The other (to expand on what I see on preview Telemark has posted) was used by James Cameron in Terminator 2: Cameron wanted a tracking shot (camera moving sideways) behind Linda Hamilton removing a chip from Ahnold’s head in front of a mirror. If done with a mirror, the camera would have been visible as it moved around behind the actors.

Rather than do this with effects, the set was built so that the mirror was actually a window, and on the other side was a complete mirror-image version of the set on the camera side. Schwartzenegger and Linda sat on the far side facing the camera, and a fancy Arnold puppet and Linda’s twin sister sat with their backs to the camera, mimicking all of the moves of their counterparts.

I imagine this technique was invented long ago (probably by the Méliès brothers 100 years ago), but I don’t happen to know of any other cases in which it was used. Maybe someone will come along and tell us.

There’s a scene in one of the Dirty Harry movies…Sudden Impact, IIRC…where an actor drives up and opens the door of the car, and for a moment the film crew could clearly be seen in the window’s reflection.

Toward the end of the movie “Contact” Matthew McConnaghey (sp?) steps into a car, but the reflections in the car are not present: CGI windows and paint effectively obscure the camera crew’s reflections.

In The Matrix movie, there is a close up of a shiny brass doorknob (the entrance to the home of the Oracle IIRC) in which you can see the camera

I thought of that almost immediately, didn’t they use this technique in one of the Evil Dead films too?

Actually I heard there was a terrible mixup when they finished filming this scene, and the puppet finished off the rest of the movie with Linda’s twin sister. Film critics commented on Arnie’s much improved acting and characterisation.

The overall best scene I’ve seen like this was in Rouben Mamoulian’s Dr. Jeckyll and Mister Hyde. The entire opening sequence is shot from Dr. Jeckyll’s point of view, with the camera “sitting” as he plays piano, watching his hands, turning when the butler calls, getting up, walking into the hall (where you see the butler), then going up the mirror and looking dead-on into it as the same butler puts your cape on, then going out the front door (held open by the same butler) and out into the street. It’s a real tour de force. They built a duplicate room behind the “mirror”, and the butler must’ve run around to be on the other side in time to drape the cloak over Fredric March’s Jeckyll. Extremely well done and arresting.

I’m sure that Cameron watched this and had it in mind when he did Terminator II. There are a lot of little touches that enhance the illusion – in T2 they adjust the mirror slightly, and the edge is hidden under Post-It notes.

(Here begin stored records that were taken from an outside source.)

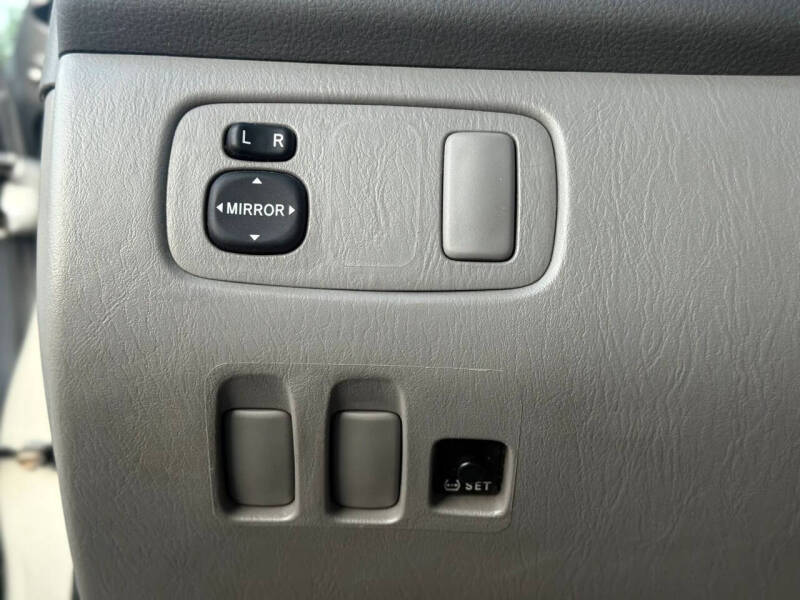 2008 Toyota Sienna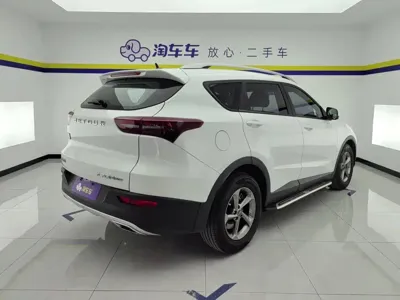 Jetour X70M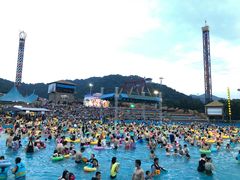 -杭州浪浪浪水公园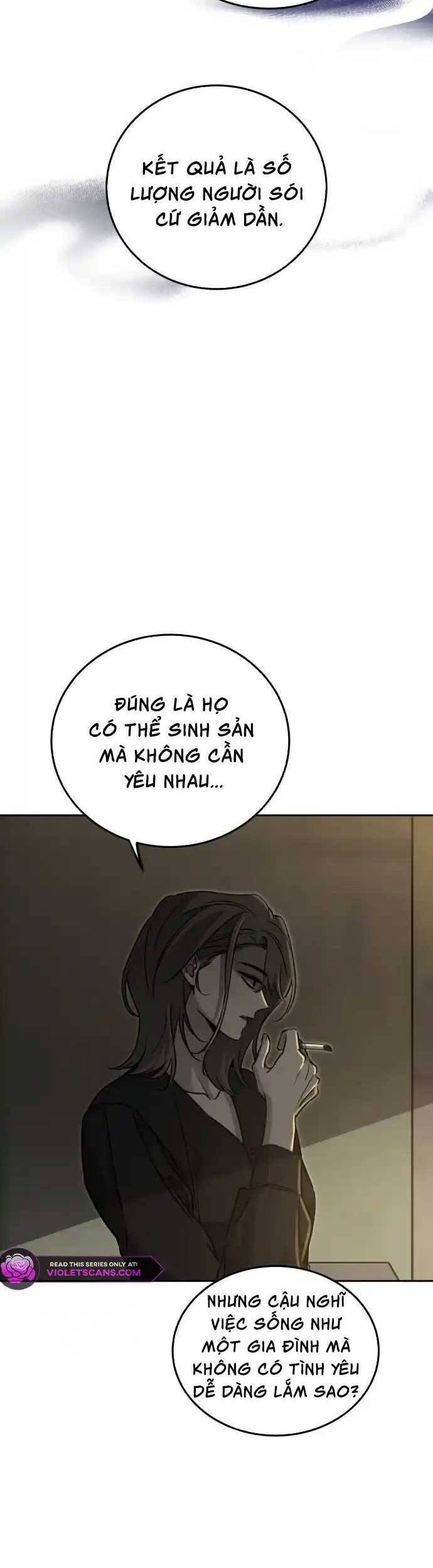 Những Thứ Thú Tính Chapter 14 - Trang 2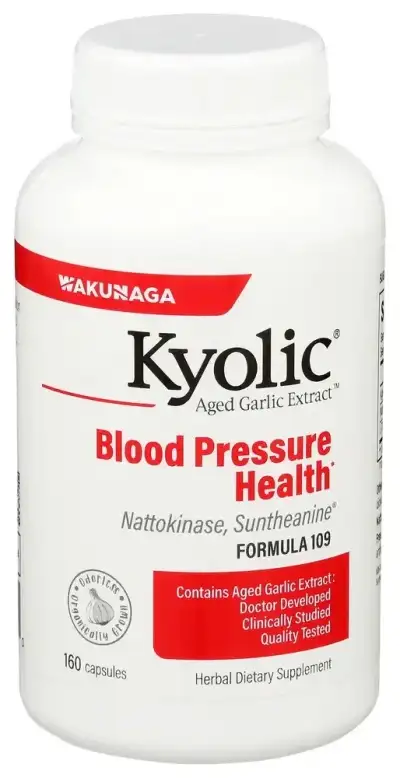 Kyolic Kyolic Frmla 109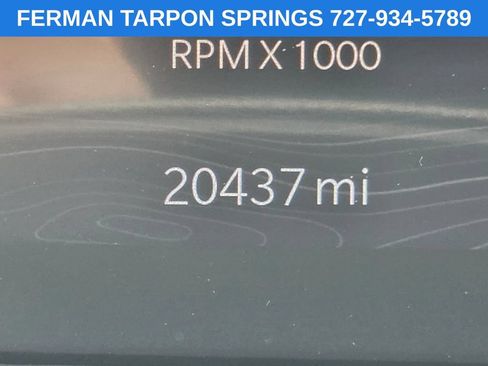 Used 2023 Jeep Grand Cherokee Altitude AWD/4WD image 36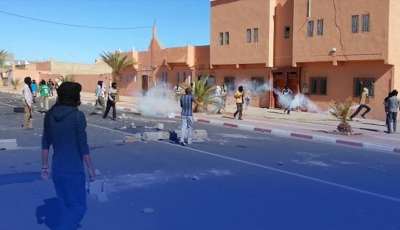 المغرب يغرق في أزمة اجتماعية عميقة: انهيار القدرة الشرائية وانفجار شعبي قادم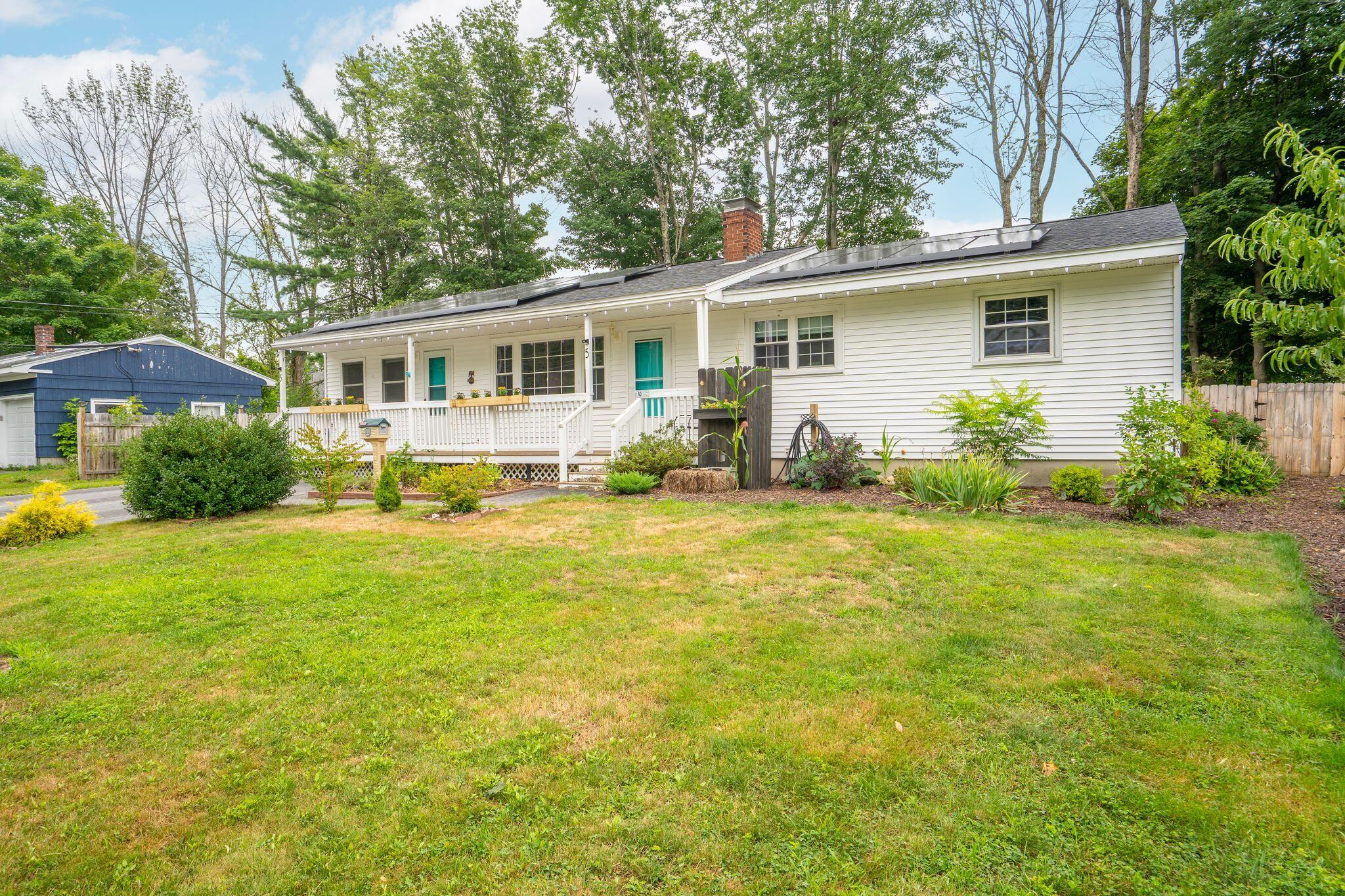 5 Spruce Lane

Of course, nowadays you don’t need all this elaborate fuss because of another technology used in T2 – you can use CGI shots to replace mirrors or even generatwe mirror shots that don’t have the camera reflected in it. Look at all the CGI mirror shots in The Matrix – reflections from Morpheus’ glasses, from the rear-view mirror on Trinity’s motorbike, or from the bending ladel held by the bald kid in The Oracle’s apartment. If they had been real, you’d see the camera and crew in each of them.

I believe they used a similar technique in almost every episode of Quantum Leap. Whenever Sam Beckett looked into a mirror and saw the face of whoever he’s leapt into, the mirror was an empty window with a duplicate room on the other side and another actor mimicking Scott Bakula’s movements.

A friend of mine who is really into the show told me that in one particular episode, “The Color of Truth,” they used an even more complicated set up in one scene. Sam goes into a crowded diner with a long mirror behind the counter. Apparently, the mirror was once again a window and both sides were mirror duplicates of the set. A large group of identical twins and look-a-likes were cast as extras to populate either side of the mirror with each twin mimicking the other’s movements on the other side of the mirror. Then, on one side Sam sat at the counter and across from him on the other side of the mirror sat the character he’d leapt into. Couldn’t find a cite, but I watched the scene while my friend explained it and they way they shot it I couldn’t imagine how else they would have done it.

There are lots of films in which reflections of the crew accidentally show up. (Search for “reflection” in Goofs at IMDb.com.) There’s a famous film (sorry, can’t remember the title) from the late 1960s, IIRC, that has a long tracking shot of a couple walking down a street, and the camera and crew are clearly reflected in the windows of every storefront they pass. Although it’s a long scene, somehow it made it into the final cut.

But I don’t think that’s what the OP was asking for.

Hmm… interesting.

I’ve heard that they’ve done some pretty fancy CG work to deal with the mirror thing on ‘Angel’… specifically a few crowd scenes where you can see a bunch of extras, the AI gang, and in the mirror, exactly the same crowd except david boreanaz is nowhere to be seen. Basically, I think, they film the scene from one perspective without him, then film the scene from a different perspective with him and with a green screen in place of the mirror. Then, the footage from the first shot is inserted into the green screen space. (Of course, they’ve probably also faked it by using whiparound tricks and such when they could.)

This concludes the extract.